Pittore, editore di libri d’arte, fotografo, autore di poesie, musicista, il mitico e poliedrico Viggo Mortensen ancora una volta riesce a sorprendere per il coraggio delle proprie scelte (La promessa dell’assassino, The road, Dangerous method, I due volti di gennaio e Loin des hommes) e per un’interpretazione memorabile, di fisico e sofferenza, multilingue e immersa in un passato che sembra ormai fuori dal tempo. E’ un capitano danese, Gunnar Dinesen, arrivato in Argentina dalla Danimarca per collaborare con l’esercito locale. Insieme a lui, la bella figlia quindicenne Ingeborg (Viilbjork Mallin Agger), unico esemplare femminile nel raggio di centinaia di chilometri, che una notte fugge con un giovane soldato. Gunnar decide di mettersi sulle sue tracce.
Ambientato intorno al 1880, Jauja trae ispirazione dalla cosidetta Conquista del deserto, operazione militare condotta dall’Argentina per strappare agli indigeni i territori della Patagonia. Lungo il suo cammino, il protagonista avrà modo di incontrarne.
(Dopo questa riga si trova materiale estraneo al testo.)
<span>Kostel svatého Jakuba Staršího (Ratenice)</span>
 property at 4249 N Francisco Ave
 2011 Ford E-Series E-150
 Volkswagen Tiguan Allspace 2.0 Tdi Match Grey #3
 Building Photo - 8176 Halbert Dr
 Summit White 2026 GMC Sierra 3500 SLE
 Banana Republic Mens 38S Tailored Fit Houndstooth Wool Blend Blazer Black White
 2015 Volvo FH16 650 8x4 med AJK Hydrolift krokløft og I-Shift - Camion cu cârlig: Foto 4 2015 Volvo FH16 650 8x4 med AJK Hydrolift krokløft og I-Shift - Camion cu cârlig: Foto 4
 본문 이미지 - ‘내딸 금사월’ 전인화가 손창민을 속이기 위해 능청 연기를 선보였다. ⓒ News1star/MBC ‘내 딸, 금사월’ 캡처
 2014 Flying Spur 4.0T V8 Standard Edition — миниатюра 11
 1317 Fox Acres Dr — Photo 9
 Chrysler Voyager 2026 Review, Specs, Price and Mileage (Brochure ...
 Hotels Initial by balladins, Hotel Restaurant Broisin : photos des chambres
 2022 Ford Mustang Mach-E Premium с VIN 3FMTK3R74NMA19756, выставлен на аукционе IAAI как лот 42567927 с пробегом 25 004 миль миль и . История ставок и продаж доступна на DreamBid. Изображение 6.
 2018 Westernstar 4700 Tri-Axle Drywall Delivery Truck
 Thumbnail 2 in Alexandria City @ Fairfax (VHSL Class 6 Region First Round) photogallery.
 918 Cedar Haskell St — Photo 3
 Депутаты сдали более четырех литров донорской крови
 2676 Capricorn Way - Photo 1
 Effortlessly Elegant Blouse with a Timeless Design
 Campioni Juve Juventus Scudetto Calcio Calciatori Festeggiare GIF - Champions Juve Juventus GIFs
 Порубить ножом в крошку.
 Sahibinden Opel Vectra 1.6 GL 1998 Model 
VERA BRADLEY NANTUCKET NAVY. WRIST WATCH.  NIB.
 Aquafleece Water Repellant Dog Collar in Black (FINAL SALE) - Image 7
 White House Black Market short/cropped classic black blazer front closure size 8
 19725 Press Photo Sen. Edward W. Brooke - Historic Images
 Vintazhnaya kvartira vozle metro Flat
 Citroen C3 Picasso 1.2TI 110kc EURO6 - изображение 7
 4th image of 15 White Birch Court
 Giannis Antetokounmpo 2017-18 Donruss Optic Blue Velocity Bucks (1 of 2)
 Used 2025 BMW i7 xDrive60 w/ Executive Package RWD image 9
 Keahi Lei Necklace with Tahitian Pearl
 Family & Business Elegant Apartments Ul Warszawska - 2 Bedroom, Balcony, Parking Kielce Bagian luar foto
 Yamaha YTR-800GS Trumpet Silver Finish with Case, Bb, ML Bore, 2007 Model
Nelle mani di Alonso la sua ricerca diventa metafora di conquista, di scoperta, di perdita e di meraviglia (l’unico commento musicale è di notte, con il protagonista solo sdraiato su un masso ad osservare le stelle, musica scritta dallo stesso Mortensen). Quelle, immaginiamo, che farà la giovane Ingeborg una volta fuori il cancello della lussuosa, triste e solitaria magione in Danimarca.